1. A method for evaluating the similarity of chip product manufacturing processes, wherein a chip manufacturing company has p production platforms, each production platform produces m types of products, and the manufacturing of each product requires n processes, where p, m, and n are all positive integers, characterized in that... Includes the following steps: S1. Calculate the number of processes required to manufacture various products based on their manufacturing processes; Manufacturing the i-th product The required j-th process The number of times ; S2. Calculate the frequency similarity between the i-th product and the j-th process of the k-th product using the Langstroth distance algorithm. k is a positive integer less than or equal to m; ; S3. Calculate the similarity of the entire manufacturing process between product i and product k. , The smaller the value, the more similar the manufacturing processes of the two products are; ; when At that time, the j-th process is a unique process for the i-th product and the k-th product.
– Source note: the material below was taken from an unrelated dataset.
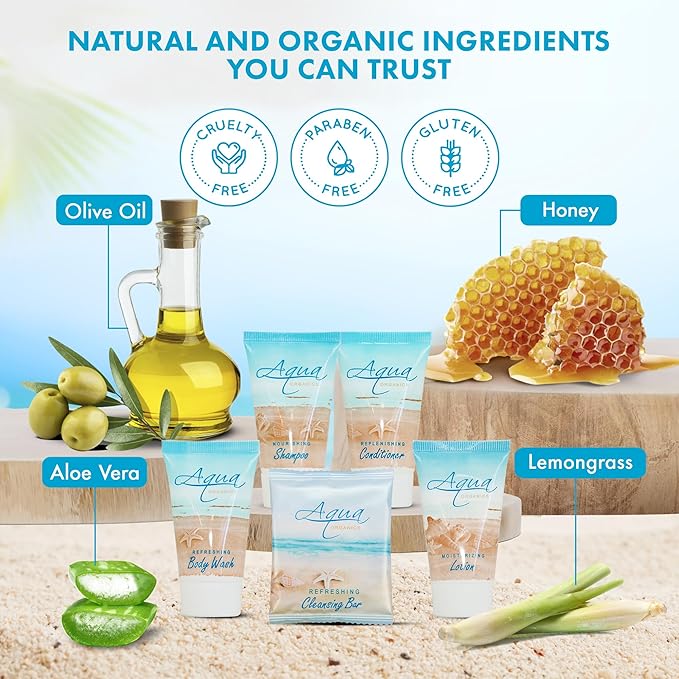 1-Shoppe All-In-Kit|Aqua Organics Amenity Kit|Boxed Hotel Toiletries|Bulk Set 1oz Travel Size Shampoo,Conditioner,Lotion,Body Wash & Bar Soap for Guest Hospitality AirBnB/Vacation Rentals|5 Pieces-GlimoraGlow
2. The chip product manufacturing process similarity evaluation method according to claim 1, characterized in that, It also includes the following steps: S4. According to the latest master production schedule Calculate the total number of wafer starts for the i-th product in the most recent X months, where X is a positive integer. Calculate the t-th platform Total number of films submitted in the last X months ; For the t-th platform The total number of films submitted for all products within the product range; S5. Calculate the total number of films submitted for product i in the most recent X months. Occupying the tth platform proportion and will As the i-th product The process number weighting factor is used to calculate the weighted process number of the j-th process required to manufacture the i-th product on the t-th platform. ; ; ; S6. Calculate the weighted number of the j-th process on the t-th platform. ; ; S7. Calculate the frequency similarity between the i-th product and the j-th process on the t-th platform using the Langstroth distance algorithm. , ; S8. Calculate the relationship between the i-th product and the t-th platform. The similarity of the entire manufacturing process , The smaller the value, the more similar the manufacturing process of the i-th product is to that of the t-th platform; 。 3. The chip product manufacturing process similarity evaluation method according to claim 2, characterized in that, At that time, the j-th process is a unique process of the i-th product on the t-th platform.
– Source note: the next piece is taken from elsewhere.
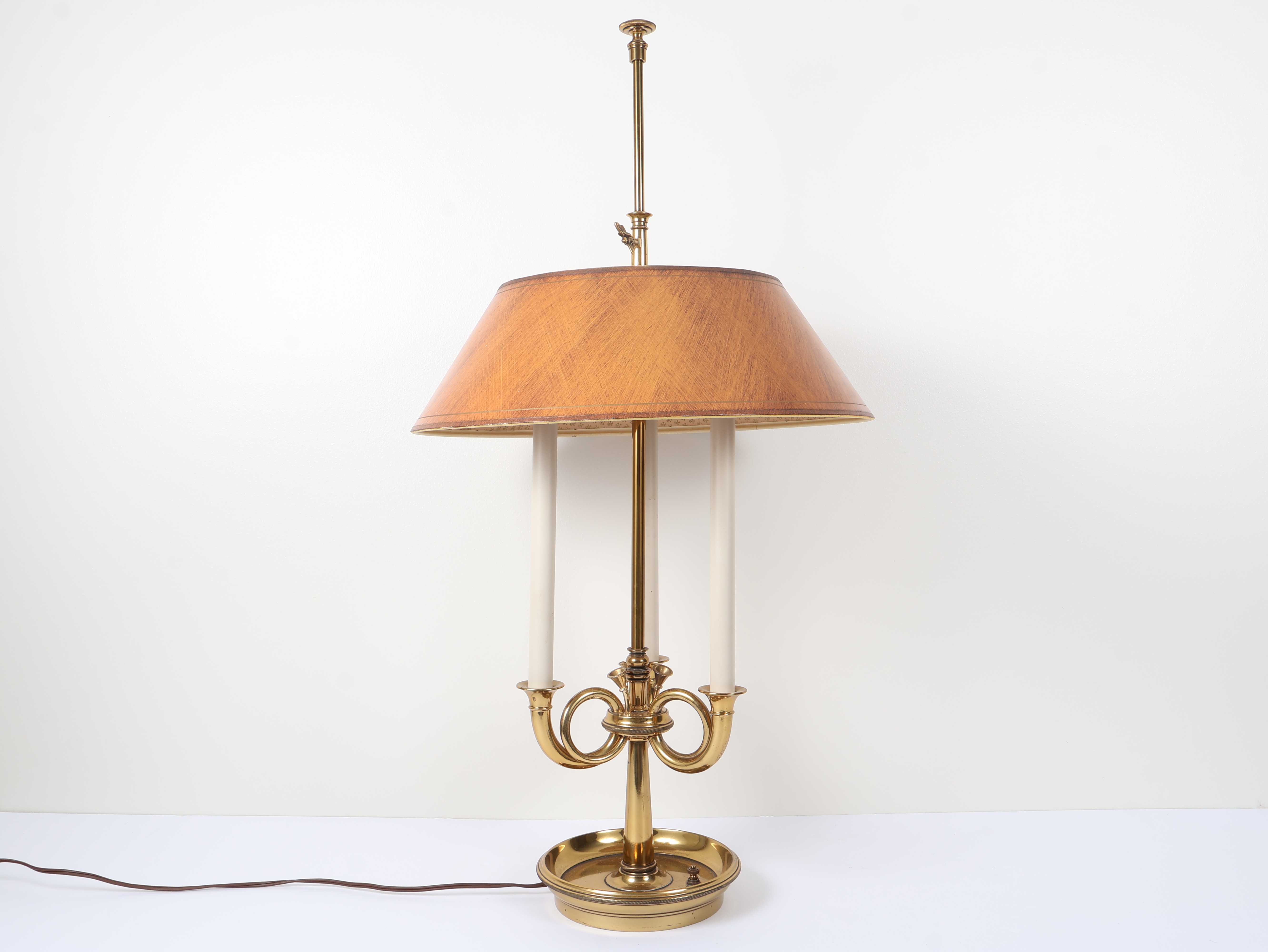 Three Light Brass Bouillotte Lamp with Adjustable Faux Bois Shade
4. The chip product manufacturing process similarity evaluation method according to claim 2, characterized in that, It also includes the following steps: S9. Calculate using the Langstroth distance algorithm With the rth The similarity of the j-th process r is a positive integer less than or equal to p; ; S10. Calculation Similarity to the entire manufacturing process of the r-th platform , The smaller the value, the more it represents The more similar the manufacturing process is to that of the r-th platform; 。 5. The chip product manufacturing process similarity evaluation method according to claim 4, characterized in that, when When, the j-th process is and Its unique craftsmanship.
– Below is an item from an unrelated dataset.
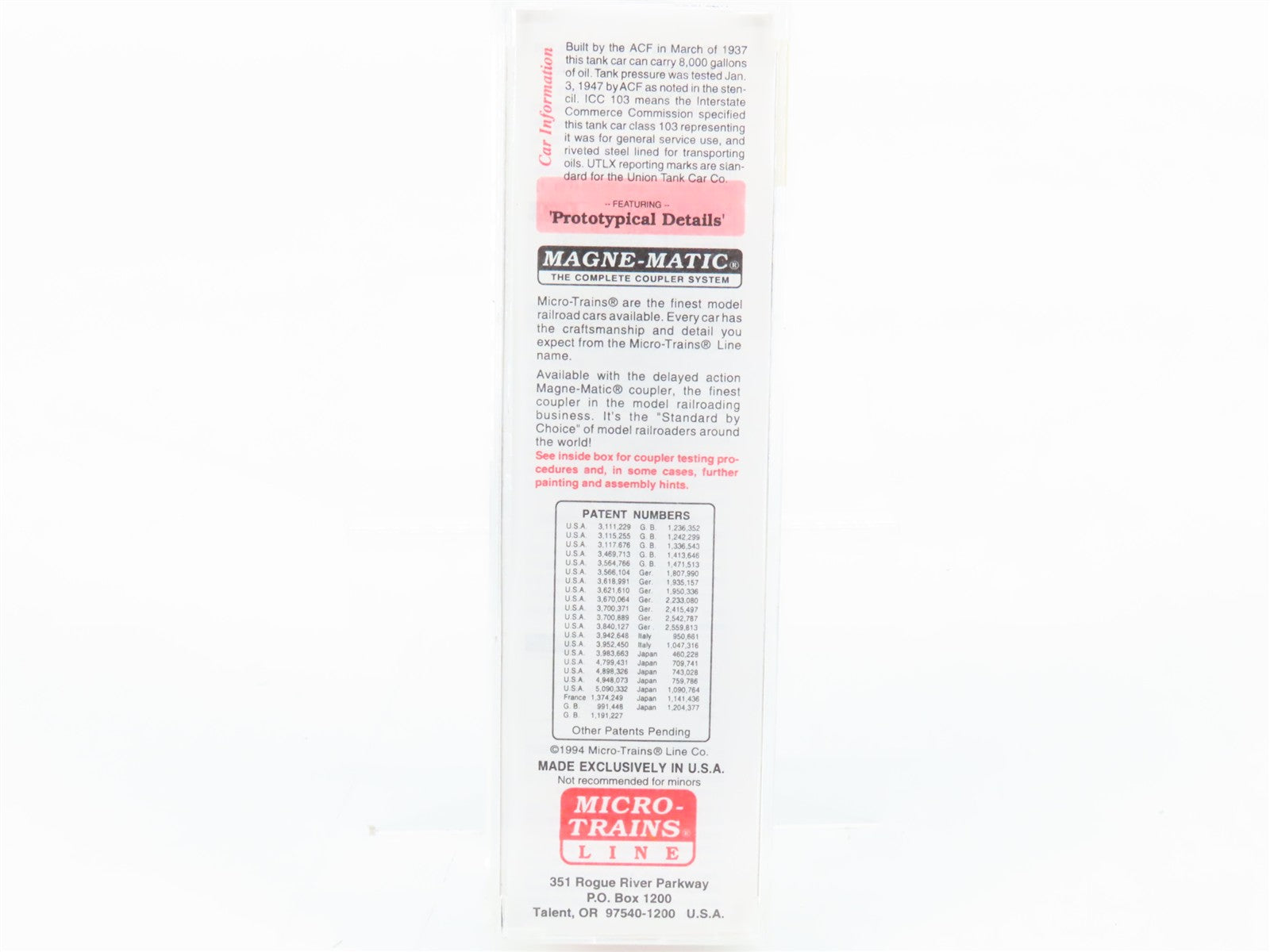 N Scale Micro-Trains MTL 65060 UTLX Union Tank Car Co. 39' Tank Car 8530 RTR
6. A computer device, characterized in that, It includes a processor and a memory, wherein the memory stores at least one instruction or program, which is loaded and executed by the processor to implement the chip product manufacturing process similarity evaluation method as described in any one of claims 1 to 5.

7. A computer-readable storage medium, characterized in that, The storage medium stores at least one instruction, which is loaded and executed by a processor to implement the chip product manufacturing process similarity evaluation method as described in any one of claims 1 to 5.